Latest research indicates that rental values in prime central London locations slipped during July. Additionally, financial service sector demand also dropped off, due to an uneven global economic climate.
The monthly slide of just 0.1% was the first dip since February 2014 and saw annual growth slow down to 2.9%. At its peak in May, growth was 4.2%, while prime gross yields were at 2.95%, according to a study by Knight Frank.
According to the prime central London Index, stock levels have received a boost by the restrained sales market, with an increase in stamp duty for properties worth in excess of £1.1m slowing activity.
Tom Bill, head of London residential research at Knight Frank, suggests that with annual price growth slowing, more property owners have chosen to become landlords and wait until the market to settle, following the introduction of a number of recent tax changes.

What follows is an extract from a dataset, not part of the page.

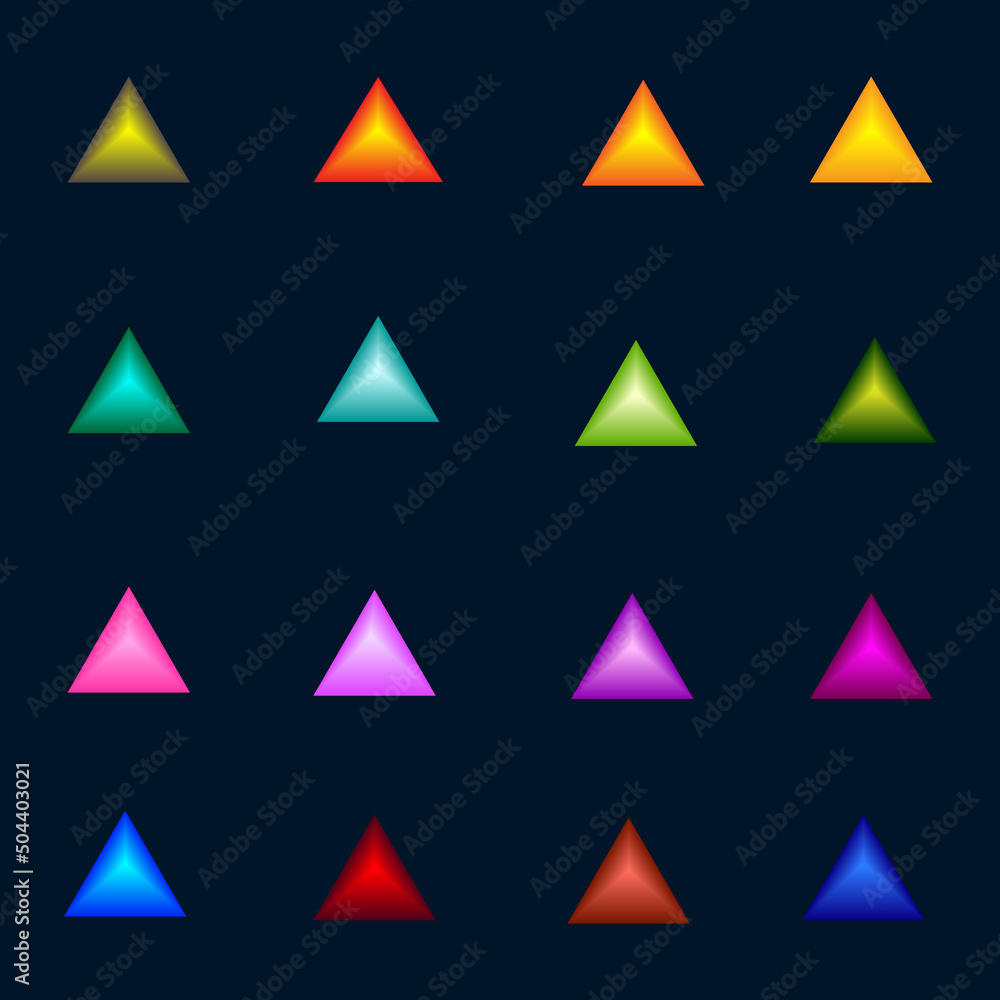Collection of button icon element triangle for decorate abstract background vector illustration Collection of button icon element triangle for decorate abstract background vector illustration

Mr Bill said that the short-term imbalance between supply and demand meant that tenants are having to shop around more, meaning that deals are becoming more difficult to close for landlords. As a result, Bill believes that landlords have made it more beneficial and attractive for existing tenants to remain in place, which has led to increased renewal rates.
‘While seasonal demand from students has remained strong, corporate demand has become more muted, despite some pockets of stronger performance,’ Bill noted.

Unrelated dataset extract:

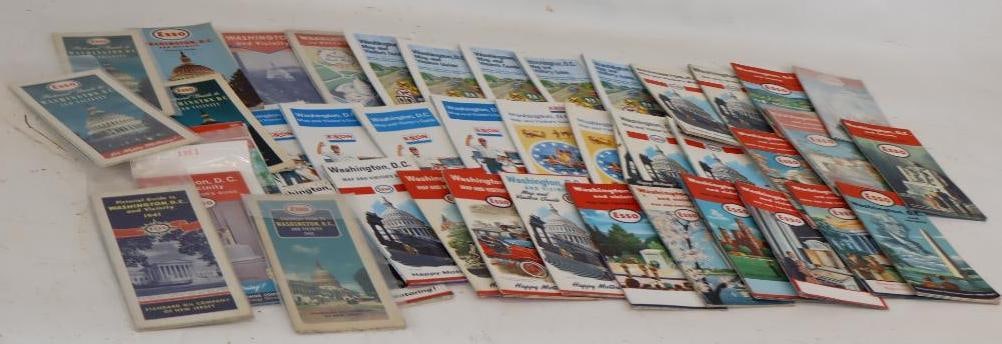 Group of 42 Esso Gas Station Road Maps: largest 9" x 4"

Prime central London rental values slip
In addition, the report shows that demand in the prime central London lettings market has typically been strong, but this year, optimism from bankers fell away during the second quarter of the year.
Mr Bill said, ‘continued regulatory uncertainty means banks are scaling back spending plans and nervousness surrounds a possible UK exit from the European Union, the recent Greek crisis and Chinese stock market volatility. However, there are longer term grounds for economic confidence, and the UK’s recovery was underlined by strong GDP figures in July. Furthermore, in an attempt to increase the appeal of London, Chancellor George Osborne plans to reduce the bank levy.’
‘Meanwhile, Brevan Howard, one of the world’s largest hedge funds, is reportedly moving senior traders back from Geneva to London, underlining the city’s dominance as a global financial centre,’ Bill concluded.